Underlining this narrative and magic system is that uncomfortable question of free will, which is dealt with in the end of the book. What is free will if a single spoken string of words can turn its victim into a puppet who thinks that the command arises out of their own desire? In the absence of clear neural stimuli, what is free will if merely a bundle of stochastic inputs? It’s not an easy question to answer, of course – the book tries, in a way that I won’t spoil but that I find not very satisfactory. But he tries.

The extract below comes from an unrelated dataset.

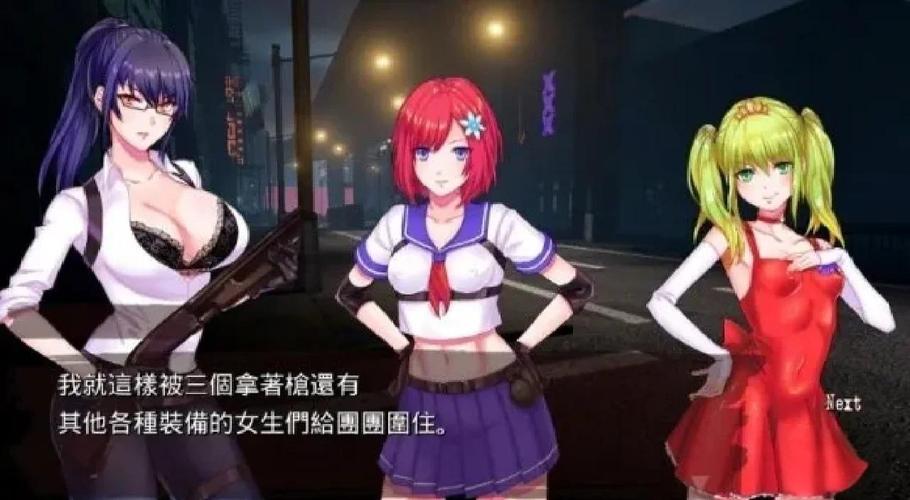 母上攻略重制版1-4:杨过游戏全章节剧情攻略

Interspersed with this are more down-to-earth concerns about surveillance, especially self-reported surveillance, the kind that you volunteer freely to the state just by doing things like updating your Facebook profile, or agreeing to install security cameras as deterrents against terrorism. The magic system is a kind of metaphor for this, insofar as Poets learn what words to use to control people by profiling them with questions that sound like they came from a particularly pointless Buzzfeed quiz. People, Barry says, are in effect giving away the keys to the fortresses that are their minds freely to these information-collecting and gathering algorithms. Foucault’s discipline of the modern state, anyone? But in all seriousness, I doubt Barry is using the book as a libertarian pulpit, as the theme here is inserted very unobtrusively. But it’s there, and, although perhaps a little trite, is a good example of how speculative fiction can use its world-building to draw the reader’s attention to real-world social and political conundrums.

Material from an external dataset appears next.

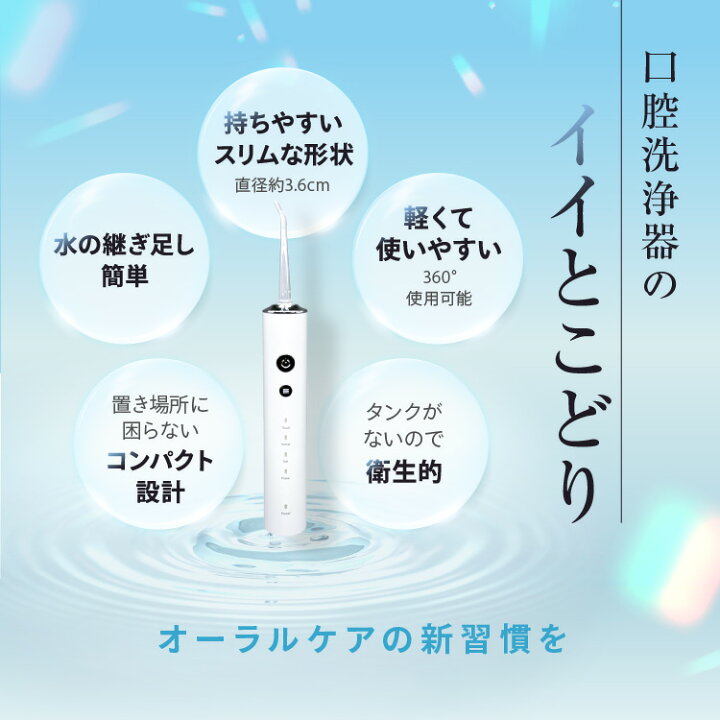 楽天市場】【期間限定クーポン配布中！〜4/17 9:59】【4ノズル付き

I must confess, though, that I may have had inflated expectations of this book. I bought it purely on account of the many glowing and enthusiastic reviews were placed on its cover, from big names like Cory Doctorow and Hugh Howey. The book itself, while a fun and at times thought-provoking read, did not quite live up to the lofty expectations I’d unwittingly set of it. The novel has its flaws – it’s perhaps too short, the ending is slightly rushed, some plot elements don’t quite work or are inadequately explained, and Barry’s sparse prose can sometimes make it less than clear what is happening. It reminds me of Grim Fandango in that that was a similar, highly venerated product that I didn’t quite enjoy as much as I expected to. I just think it may have been a little too lightweight and true to its thriller roots than the kind of fiction toward which I am usually drawn.
Minor quibbles, however. In the end, Lexicon is that kind of book I’d like to see more of – politically aware, intelligent mass market appeal speculative fiction. Barry has in Lexicon written something of great reputational value to the mainstream.